A quarta proposta é o PLP 112/2021, que propõe a elaboração de um novo código eleitoral, unificando toda a legislação eleitoral em um único documento. Embora a iniciativa seja muito bem-vinda essa proposta propõe muitas alterações no regramento eleitoral e ainda não recebeu a devida atenção de deputados e senadores, e da sociedade civil.



O projeto tem 372 páginas e foi levado ao conhecimento público em 03 de agosto último. Segundo levantamentos preliminares, o código propõe alteração em cerca de 30% da legislação eleitoral atualmente vigente, impactando aspectos como prestação de contas eleitorais e partidárias, e o tipo de penalidades impostas em decorrência do descumprimento da legislação eleitoral: as penalidades passam a ser exclusivamente administrativas.



Para conhecer em mais detalhes o novo código e os pontos de atenção, vale uma visita ao site da iniciativa Freio na reforma, que realizou um trabalho minucioso de sistematização.



***

Todos nós que nos preocupamos com os temas da reforma partimos do pressuposto que teremos eleições em 2022, que as regras do jogo importam e que os resultados eleitorais serão reconhecidos e respeitados, como acontece no país desde o reestabelecimento da democracia.
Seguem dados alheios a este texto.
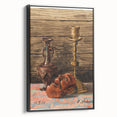 Intricate Art Deco Wall Art - Still Life with Vase, Mask, and Candlestick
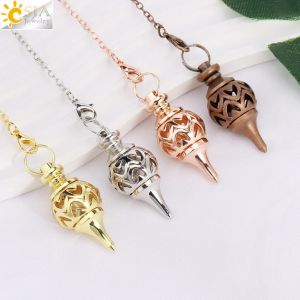Pendentif en cuivre pendule en métal pour radiesthésie Divination écriture méditation Chi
Não parece ser o caso do presidente Bolsonaro, que continua insistindo na tese superada e sem evidências de que nosso sistema de votação já foi fraudado, e quer apenas tumultuar e deslegitimar o pleito de 2022, pondo em risco a sobrevivência da democracia brasileira.
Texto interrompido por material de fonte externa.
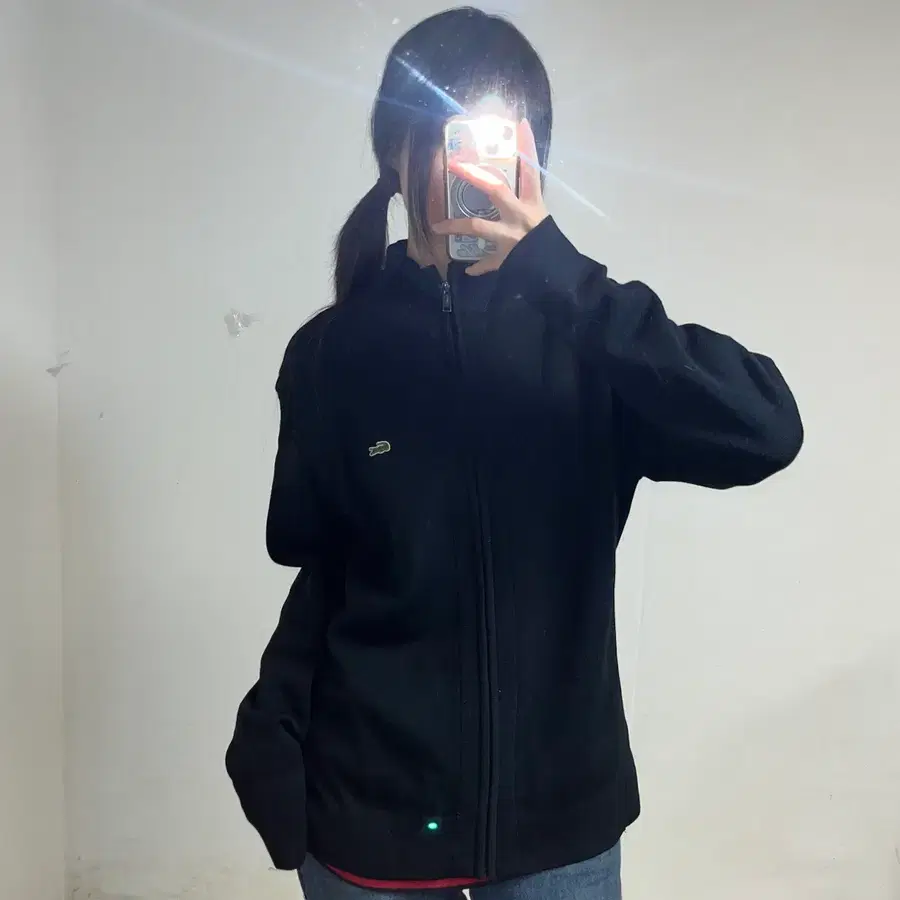 라코스테 집업 니트 가디건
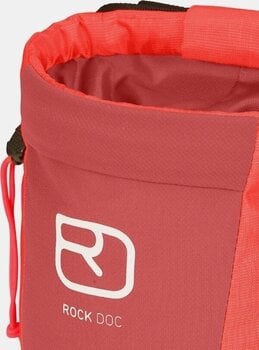 Bag and Magnesium for Climbing Ortovox First Aid Rock Doc Chalk Bag Coral - 2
É hora de pararmos de nos distrair com o tema da reforma eleitoral – parece-me que esperar mais alguns anos não traria grandes prejuízos ao país – e nos concentrarmos no que importa: enfrentamento da pandemia, vacinação, recuperação econômica, diminuição das desigualdades sociais e a manutenção da democracia do país, que pressupõe a derrota nas urnas de Bolsonaro, mas também pressupõe que limites sejam impostos ao presidente.